Итак, Джоан получила хорошую яичницу из двух яиц, основательно прожаренную и с двумя затвердевшими, плотными, белесыми желтками. Вообще-то, решила она, омлет все-таки лучше.
Завтрак длился недолго. Она поинтересовалась, не слышно ли чего насчет поезда, но никаких новостей не было.
Вот так, все ясно и понятно. Ей предстоит еще один бесконечно длинный день.
Но сегодня она, по крайней мере, разумно им распорядится. Она поступала неправильно, просто проводя кое-как время.
Она — пассажир, ожидающий поезда на железнодорожной станции, и это, вполне естественно, заставляет ее нервничать и дергаться.
Предположим, она будет рассматривать данную ситуацию как период отдыха и… да, самодисциплины. Своеобразного аскетизма. Именно так это называется у католиков. Они становятся аскетами и возвращаются в мир духовно обновленными.
Отчего бы и мне, решила Джоан, не почувствовать себя духовно обновленной.
В последнее время она, возможно, вела жизнь слишком вялую, расслабленную. Слишком приятную, слишком ровную.
Гневливая мисс Гилби словно стояла рядом с ней и гудела таким памятным, в диапазоне духовых, голосом: «Дисциплина!»
Только на самом-то деле она говорила это Бланш Хаггард. Ей она посоветовала (не слишком, право, любезно с ее стороны):
«Не будь такой самодовольной, Джоан».
Это было некрасиво. Потому что Джоан вовсе не была самодовольной, во всяком случае, по-глупому самодовольной.
«Думай побольше о других, милочка, а о себе — поменьше».
Что ж, она всегда так и поступала — всегда думала о других. О себе она вообще почти не думала, уж, во всяком случае, в первую очередь. Эгоисткой она не была никогда — заботилась о детях, о Родни.
Аврелия!
Почему она вдруг вспомнила об Аврелии?
Почему увидела так ясно лицо старшей из дочерей — ее вежливую, чуть-чуть высокомерную улыбку.
Аврелия, без всякого сомнения, не способна была оценить мать по достоинству.
Слова, которые она могла иногда наговорить, очень язвительные слова, еще как задевали. Нельзя сказать, чтобы она грубила, но все же…
А что же тогда?
Это ее сдержанное изумление, поднятые брови.
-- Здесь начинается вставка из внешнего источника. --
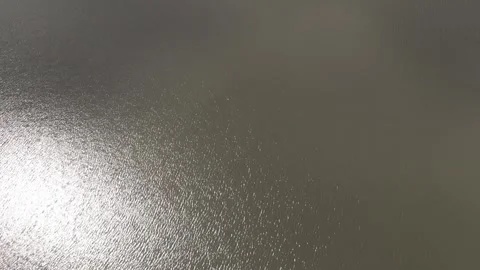 Aerial/Drone Shot in Forest by River Stock Footage 274303502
То, как она невозмутимо удалялась из комнаты.
Аврелия конечно же была к ней привязана, все дети были к ней привязаны…
А были ли?
Были ли дети привязаны к ней — или она была им совершенно безразлична?
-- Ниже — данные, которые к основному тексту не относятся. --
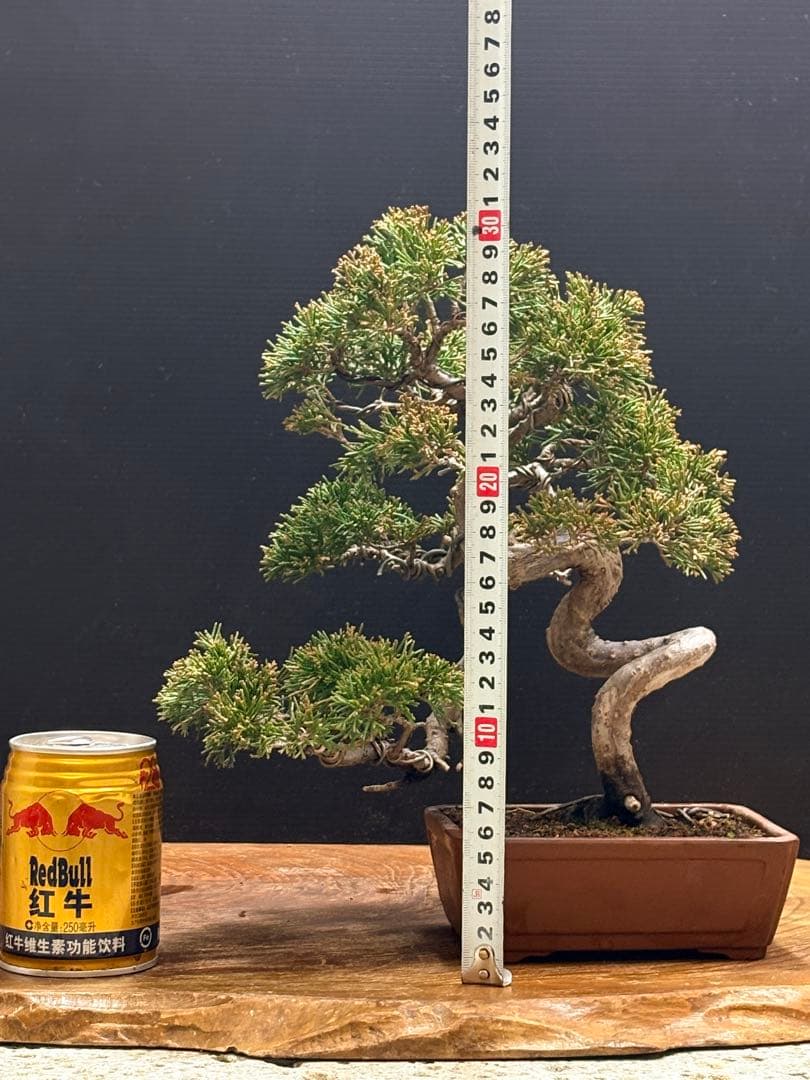 サービスオークション❗️盆栽]真柏 - メルカリ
Джоан привстала со стула, а затем опустилась опять.
Откуда берутся подобные мысли? Почему она об этом задумывается? Такие опасные, неприятные мысли. Надо выкинуть их из головы… постараться не думать об этом…
Голос мисс Гилби… пиццикато.
«Не стоит отгонять от себя мысли, Джоан, моя милочка! Ты не должна видеть только внешнюю сторону вещей, потому что так проще и из желания уберечь себя от боли».
Может, она поэтому хочет отогнать тяжелые воспоминания? Чтобы не причинять себе боли?
Потому что они разумеется болезненны…
Аврелия…
Была ли привязана к ней Аврелия? По крайней мере, хорошо ли относилась к матери?
Все дело в том, что Аврелия была необычная девочка — холодная, рассудочная. Вообще-то говоря, из троих детей именно Аврелия заставила родителей узнать, что такое настоящее волнение.